» **EXERCISE DIRECTIONS**
The answer should hold only the lines from the one containing "These packs stay" through the one containing "Before operating, be" in the entries below, copied exactly, without pictures.
---- INPUT FOR THIS TASK
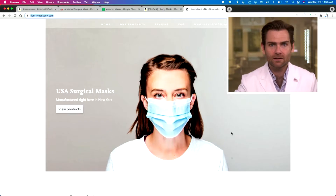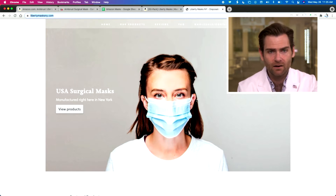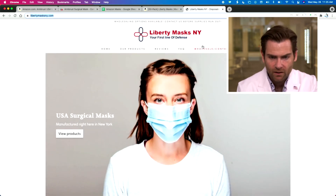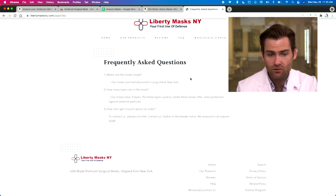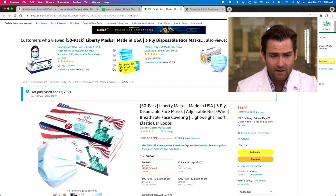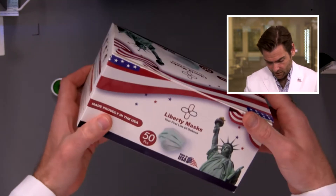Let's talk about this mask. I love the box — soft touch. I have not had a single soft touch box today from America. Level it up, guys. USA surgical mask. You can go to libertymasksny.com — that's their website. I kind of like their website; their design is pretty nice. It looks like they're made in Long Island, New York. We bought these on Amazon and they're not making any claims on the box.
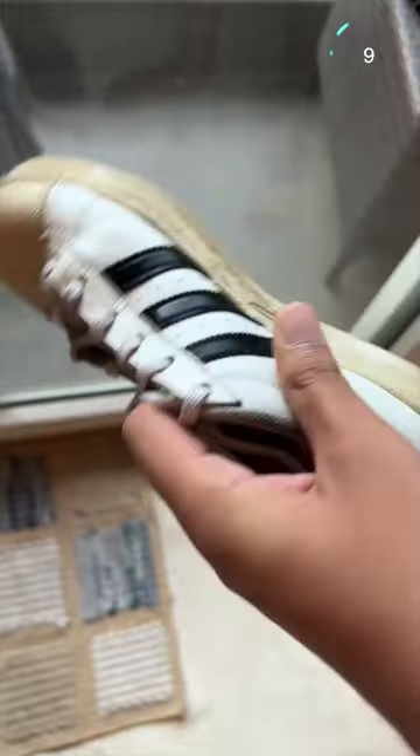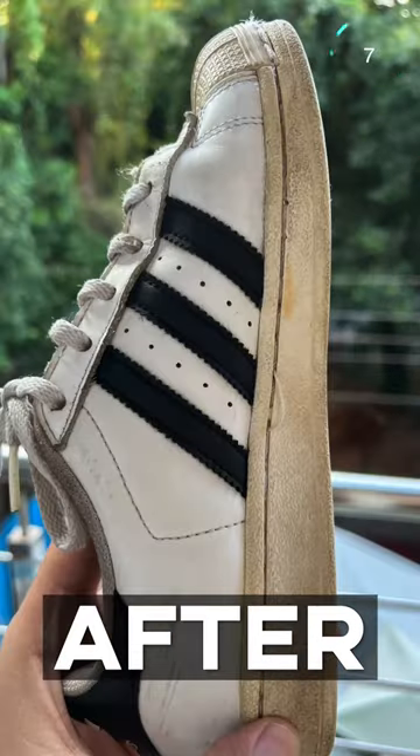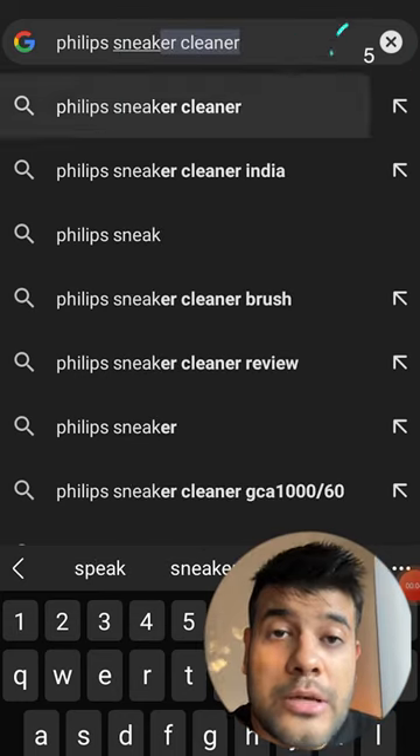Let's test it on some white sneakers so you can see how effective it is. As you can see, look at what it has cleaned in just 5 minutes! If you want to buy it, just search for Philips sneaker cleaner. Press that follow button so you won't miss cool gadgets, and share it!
--------
---- INPUT FOR THIS TASK
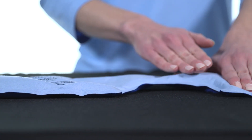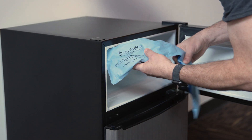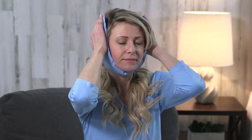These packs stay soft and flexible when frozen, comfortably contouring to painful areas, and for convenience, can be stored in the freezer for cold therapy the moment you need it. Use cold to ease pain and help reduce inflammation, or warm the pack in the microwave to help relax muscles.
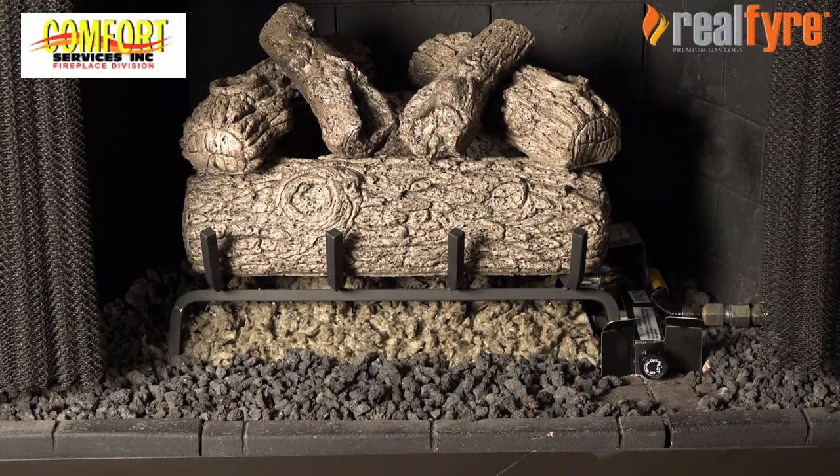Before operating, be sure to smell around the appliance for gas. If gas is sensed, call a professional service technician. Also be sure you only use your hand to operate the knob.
--------
---- INPUT FOR THIS TASK
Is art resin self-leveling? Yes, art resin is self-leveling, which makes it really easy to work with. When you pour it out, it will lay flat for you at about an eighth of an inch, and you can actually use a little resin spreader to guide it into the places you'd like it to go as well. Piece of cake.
--------
» **TASK SOLUTION**
These packs stay soft and flexible when frozen, comfortably contouring to painful areas, and for convenience, can be stored in the freezer for cold therapy the moment you need it. Use cold to ease pain and help reduce inflammation, or warm the pack in the microwave to help relax muscles.
Before operating, be sure to smell around the appliance for gas. If gas is sensed, call a professional service technician. Also be sure you only use your hand to operate the knob.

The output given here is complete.